In recent years, the legal industry has reached a crossroads. Certain trends in law have questioned the degree of power a lawyer should have over the solicitation of legal services. The ethical line is increasingly blurred as more and more external investors are funding the legal services being used, posing a threat to the costly act of hiring a lawyer. The matter in question is whether the ownership of legal services should remain strictly to lawyers, or expand to non-lawyer ownership. Many lawyers argue in support of the latter, claiming that decreasing the restriction of ownership could open doors for increased innovation in the corporate legal market.
To further analyze this issue, a task force was created, backed by the State Bar of California. William Henderson, a professor at the Indiana University Maurer School of Law, studied the current landscape of the legal market. The conclusion he’s reached through his studies was that limiting outside investors will hurt the development of alternative solutions for their corporate clients. Moreover, these restrictions have also made the use of personal lawyers unaffordable for roughly 90 percent of the population across the United States.

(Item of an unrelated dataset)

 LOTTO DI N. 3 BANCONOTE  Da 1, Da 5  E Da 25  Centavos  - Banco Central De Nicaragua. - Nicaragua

These conclusions indicate that it is time for regulatory action to be taken, and fast. The best possible situation would be that lawyers and professionals make collaborative efforts at an equal position in legal service organizations. Henderson’s report encouraged the task force to consider implementing regulatory reforms, such as the delivery of legal services online, which promotes the principles of increased protection, access to information, and the right to justice. The task force approved Henderson’s proposal, and the agreed-upon reforms will be issued by the end of 2019. Currently, other industries are utilizing technology to ramp up their productivity and innovation, while the legal profession is still heavily dependent on humans. It seems that lawyers cannot automatically mass cater their services towards hundreds of clients at the same time despite the technologies arising.
Yet, there is another piece of information that stands out. In comparison to other person-reliant industries, the spending on legal services has heavily declined. In 1987, 435% of the consumer price index was allotted to legal services, and by 2016 that number had decreased to 245%. In his report, Henderson emphasizes that in order to fix these stats, lawyers and professionals should aim to work together in the same legal service organization to maximize ingenuity and efficiency. Moreover, Henderson claims that state bar bans on nonlawyer ownership, such as the ban in Israel, are creating the most pushback in legal productivity. While global trends request to remove barriers to the flow of knowledge and services, including legal services, Israel is sometimes lagging behind. The Israeli Authorities approach tend to claim that lawyers and jurists should be considered as “public resources” and thus, it is required from them to act according to the norms of public responsibility. Even though the Israeli Bar is remaining very independent and quite free from state regulations, the legal market is still in the market of the Select Few. The reasons for the limitations in the field of Legal services are maybe based on the complex history of Israel’s state bar.
Overall, while in California the purpose of liberalization these restrictions is to give a voice to a big percentage of individuals who cannot afford to hire lawyers, it isn’t sure that the Israeli decision makers are targeting a fee reduction in Legal market by changing the existing ban. Legal fees are still extremely low in Israel, and Israeli lawyers work the same long hours as their EU or US cousins and earn a third or even a quarter of the fees.